Grant Thornton insight:
The result in the case is not unexpected in light of prior Tax Court decisions that concluded similarly on this issue. However, the case serves as a reminder that a zero-basis consequence can arise in scenarios that extend beyond a direct transfer of a partner’s promissory note to its partnership, and taxpayers should take this principle into account when structuring partnership investments and transactions, as well as in compliance contexts.
In Continental, a partner was treated for U.S. federal income tax purposes as transferring its promissory note to its partnership. More specifically, CSC Computer Sciences GmbH, a corporation (parent), issued the note to CSC Financial GmbH (sub), its wholly owned subsidiary, and the sub-corporation in turn transferred the note to Continental Grand Limited Partnership (partnership), all on March 26, 2001.
More than a year later, on April 12, 2002, the sub-corporation filed an entity classification election to be disregarded as an entity separate from the parent corporation retroactively, effective March 23, 2001, three days before the parent corporation issued the note to the sub-corporation (followed by the sub’s transfer of the note to the partnership). The Tax Court found that, irrespective of the parties’ possible expectations, for U.S. federal income tax purposes, the parent corporation was treated as contributing its own note to partnership.
The partnership argued that it had a basis in the parent corporation’s note equal to its face value.

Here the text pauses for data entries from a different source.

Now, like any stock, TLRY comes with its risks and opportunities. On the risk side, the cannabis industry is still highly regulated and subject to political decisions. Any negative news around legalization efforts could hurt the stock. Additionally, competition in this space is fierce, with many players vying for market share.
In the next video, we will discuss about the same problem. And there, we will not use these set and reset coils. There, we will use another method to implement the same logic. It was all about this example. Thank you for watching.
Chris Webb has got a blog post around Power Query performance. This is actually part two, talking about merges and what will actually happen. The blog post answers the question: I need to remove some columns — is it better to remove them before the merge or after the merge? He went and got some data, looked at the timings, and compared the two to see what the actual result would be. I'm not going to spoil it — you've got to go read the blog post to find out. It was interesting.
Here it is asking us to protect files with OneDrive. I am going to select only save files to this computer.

The Tax Court reasoned that the parent corporation had no initial basis in the note as it incurred no cost in issuing the note. Under applicable Subchapter K rules, the partnership took a carryover basis of $0 in the note after its contribution by the parent corporation. Additionally, the court concluded that the parent corporation took a $0 basis in its partnership interest.

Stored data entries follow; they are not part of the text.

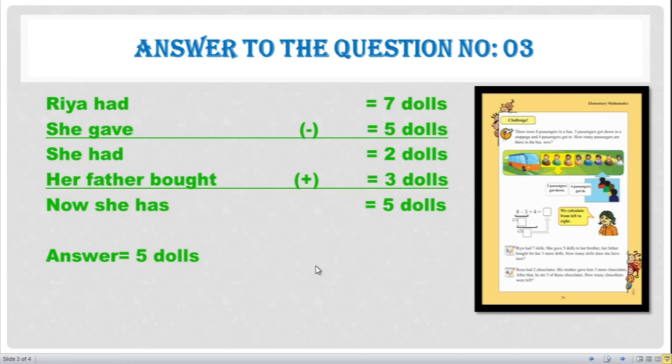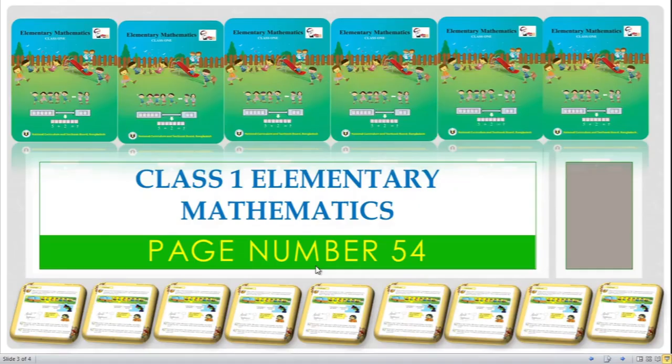Students, every type of question is easy if you understand it, so read each question deeply before solving. Now we will try to solve question number four. Let me show you question number four on page 54.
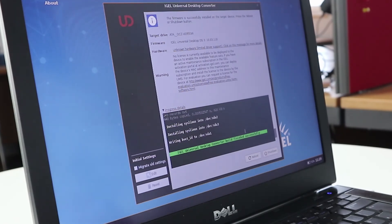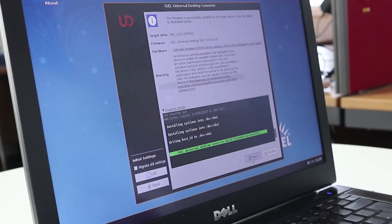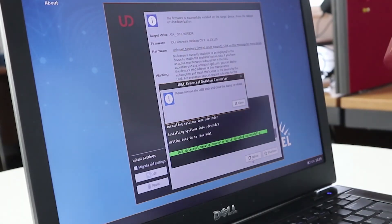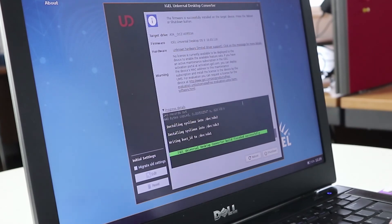We can now see that it's successfully completed — we've got a nice green message: 'IGEL Universal Desktop Converter build finished successfully.' The clock has just ticked to 11:29, so it only took around two to three minutes to convert this machine. We're now going to click reboot, remove the USB stick, and click close. The machine will now reboot and boot from the hard disk into the Linux OS.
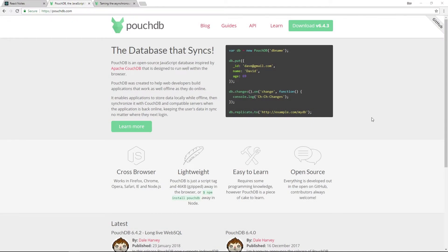To enable persistent storage in our Notes app, we're going to use PouchDB, a lightweight JavaScript database library that runs in the browser or on Node.js. It stores all data locally and offline using the database tools built into modern browsers. It does have some functionality that allows it to synchronize with a remote CouchDB server, but we won't be covering that here.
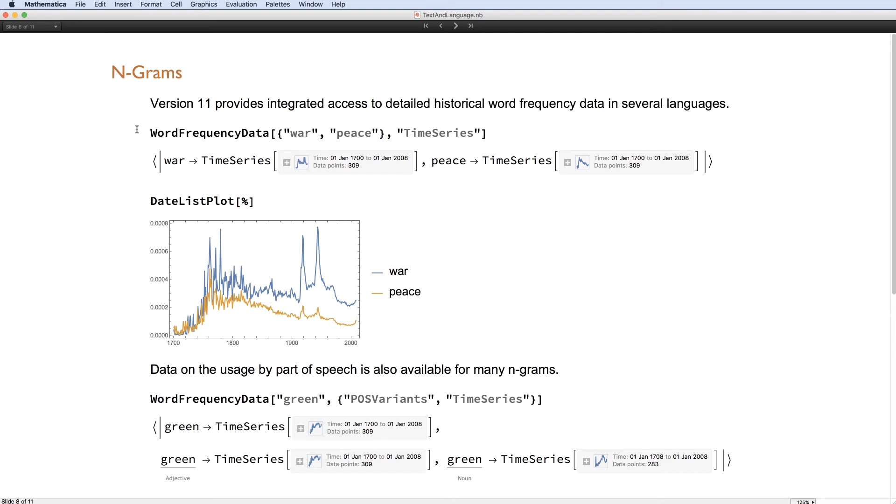We have historical data about how frequently words were used in texts at the given time, so here's an interesting date list plot of war and peace.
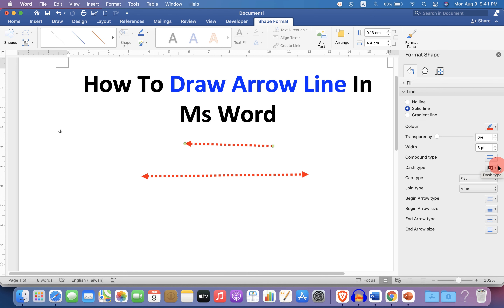Now check out this video playlist that will show you how to use Microsoft Word quickly. Comment below and subscribe if this video solved your problem. See you again in the next video.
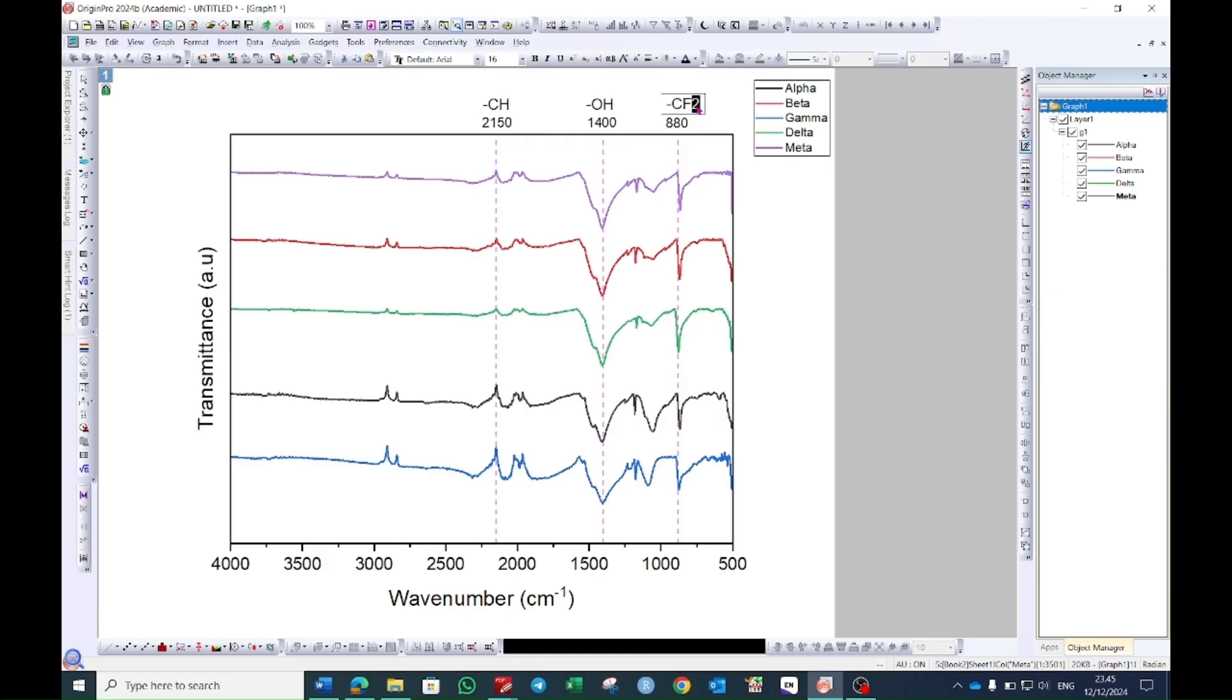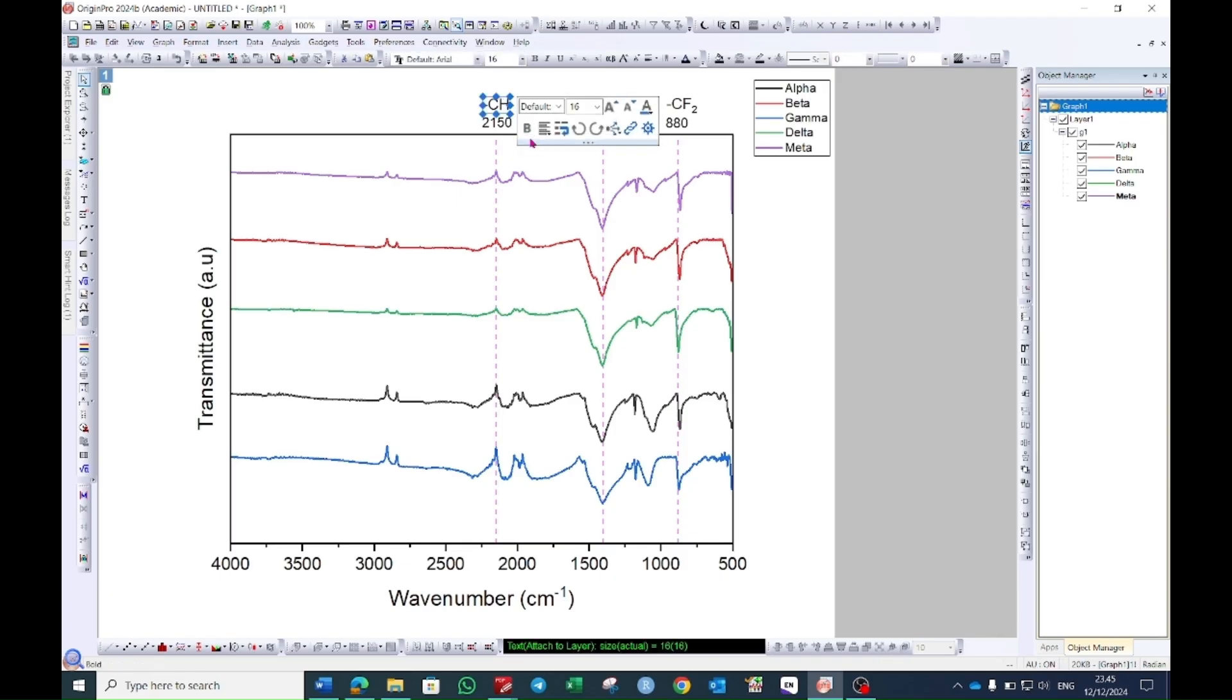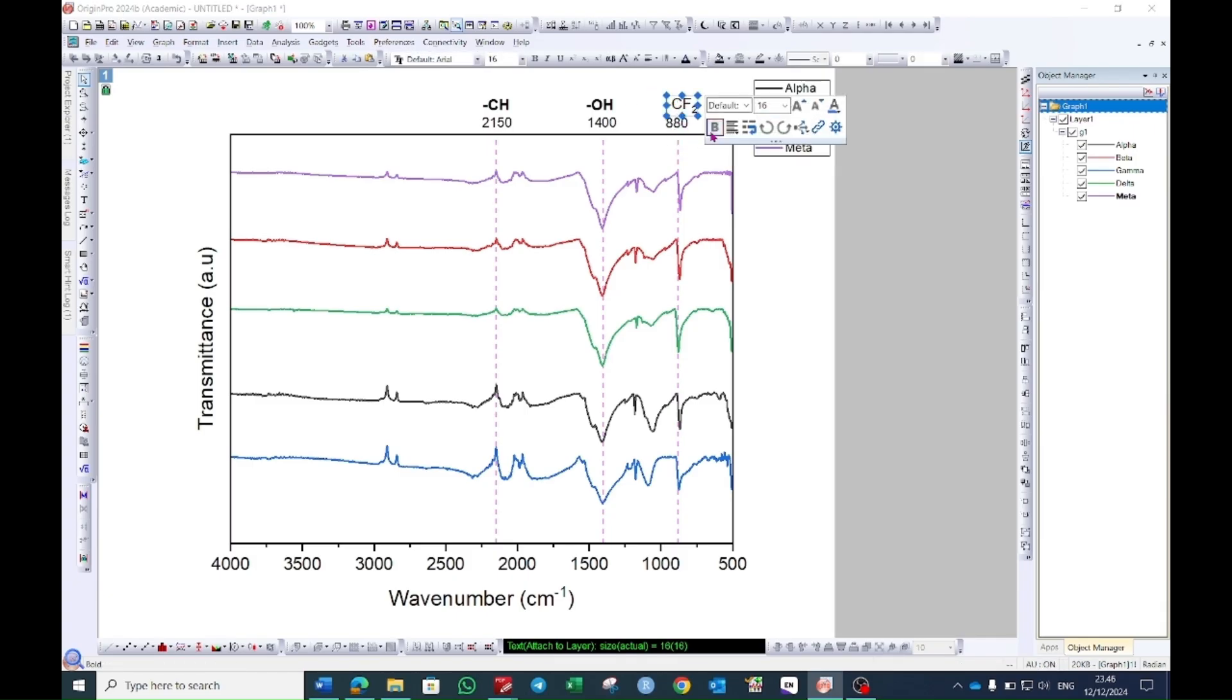If you want to make it a small subscript, then you can see here it says subscript. Just click on this and it will make it a subscript. Then you can select this one and here you see a bold option. You can click this one and it will make them bold. You can do the same with all of the peak values.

The court’s zero-basis holding in Continental is consistent with a prior tax court memorandum decision in VisionMonitor Software, LLC v. Commissioner, T.C. Memo. 2014-182. It is also worth noting the Tax Court’s dismissal of the 9th Circuit case Peracchi v. Commissioner, 143 F.3d 487 (9th Cir. 1998) for purposes of determining the partnership’s basis in the note. Peracchi held that a taxpayer had basis in his note for purposes determining whether the taxpayer recognized gain under Section 357(c) as a result of the transfer assets subject to liabilities in excess of their basis to a corporation.
However, the Tax Court noted that Peracchi arose from a specific corporate context. (The Peracchi court had explicitly declined to extend its holding to the partnership context).

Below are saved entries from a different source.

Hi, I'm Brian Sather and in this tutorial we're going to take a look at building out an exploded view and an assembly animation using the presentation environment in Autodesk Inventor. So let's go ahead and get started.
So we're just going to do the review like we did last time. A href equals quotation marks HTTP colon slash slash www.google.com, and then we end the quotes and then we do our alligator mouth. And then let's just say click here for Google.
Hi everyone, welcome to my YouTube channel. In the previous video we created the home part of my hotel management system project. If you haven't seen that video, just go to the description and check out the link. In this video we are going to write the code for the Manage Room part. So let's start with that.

Continental illustrates the need to evaluate the collateral impacts of changes to taxpayers’ entity classifications. The opinion in Continental was issued in response to a motion for summary judgment regarding the partnership’s basis in the parent corporation’s note. The impact of this basis determination on the other transactions at issue in the case was not discussed by the court in detail.
The court also did not discuss related partnership capital accounting aspects under Section 704(b) when a partner contributes its own note to its partnership. Under Reg. Sec. 1.704-1(b)(2)(iv)(d)(2), if a promissory note is contributed to a partnership by a partner who is the maker of such note, such partner's capital account is not immediately increased by the value of the note; rather, the partner’s capital account is to be increased with respect to such note only when there is a taxable disposition of such note by the partnership or when the partner makes principal payments on such note.